Quarterly report pursuant to Section 13 or 15(d)

Investment in Non-Controlled Entity and Other Arrangements (Notes)

v2.4.1.9
Investment in Non-Controlled Entity and Other Arrangements (Notes)
3 Months Ended
Mar. 31, 2015
Noncontrolling Interest [Abstract]  
Loans, Notes, Trade and Other Receivables Disclosure [Text Block]
INVESTMENT IN PRIVATELY HELD NON-CONTROLLED ENTITY AND OTHER ARRANGEMENTS
In August 2013, PDI entered into phase one of a collaboration agreement with a privately held molecular diagnostics company, Prolias Technologies, Inc., (the Diagnostics Company) to commercialize its fully-developed, molecular diagnostic tests. Under the terms of phase one of the collaboration agreement, PDI paid an initial fee of $1.5 million and had the ability to enter the second phase of the collaboration agreement in the form of a call option to purchase the outstanding common stock of the Diagnostics Company. The Company also had the option to contribute an additional $0.5 million for mutually agreed upon activities in furtherance of collaboration efforts.

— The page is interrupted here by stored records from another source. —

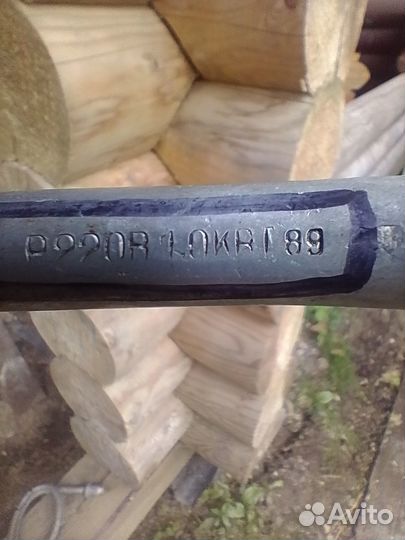 Тэн для водонагревателя 1, 2.5, 3.5квт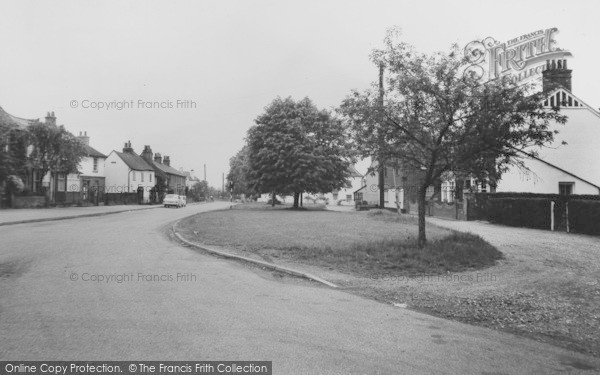 Photo of Writtle, St John's Green c.1965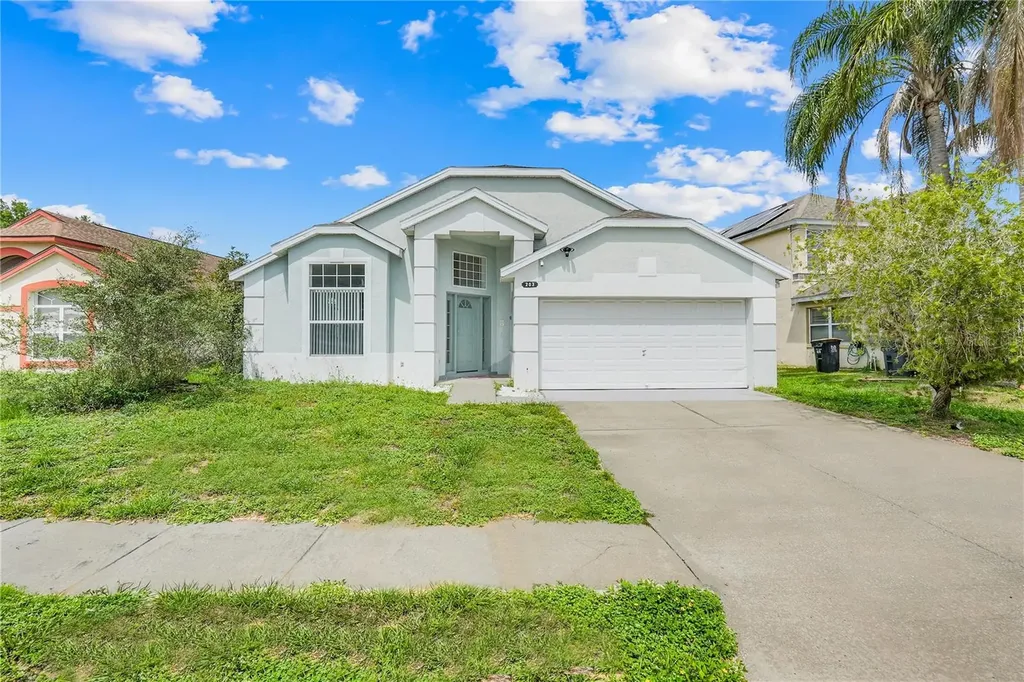 203 Lake Davenport Estates Drive Davenport FL 33897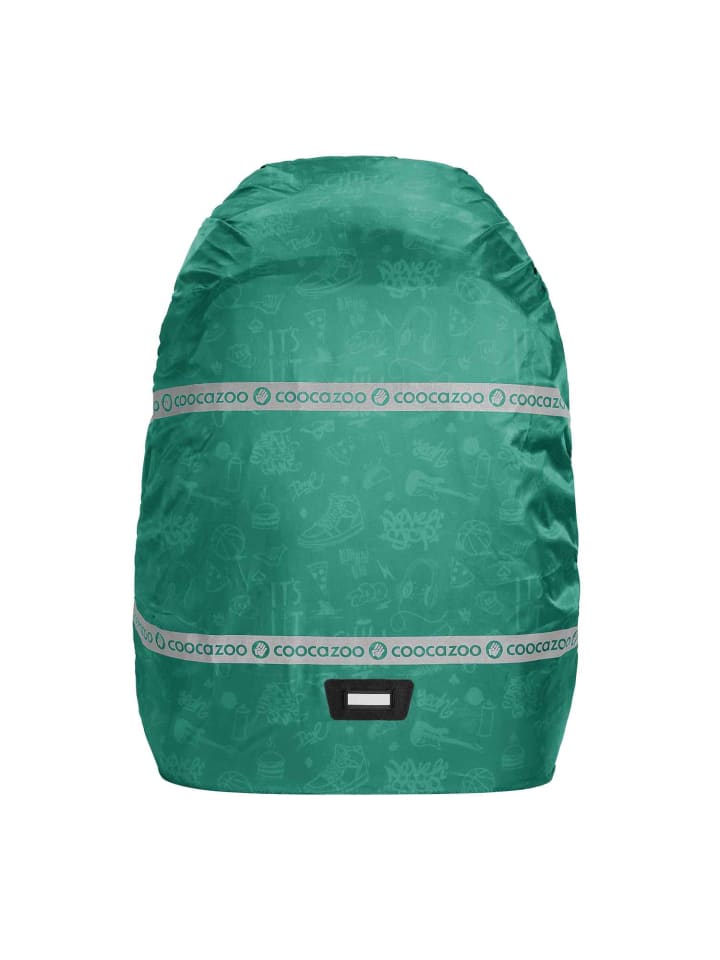 coocazoo Regenhülle, Fresh Mint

If PDI purchased the outstanding common stock of the Diagnostics Company, in addition to the option price based on the achievement of milestones, beginning in 2015, PDI would have paid a royalty of 7.0% on annual net revenue up to $50.0 million with escalating royalty percentages for higher annual net revenue capped at 11.0% for annual net revenue in excess of $100.0 million. In the fourth quarter of 2014, the Company identified events that have had an adverse effect on the fair value of this cost-method investment and impaired the initial investment of $1.5 million.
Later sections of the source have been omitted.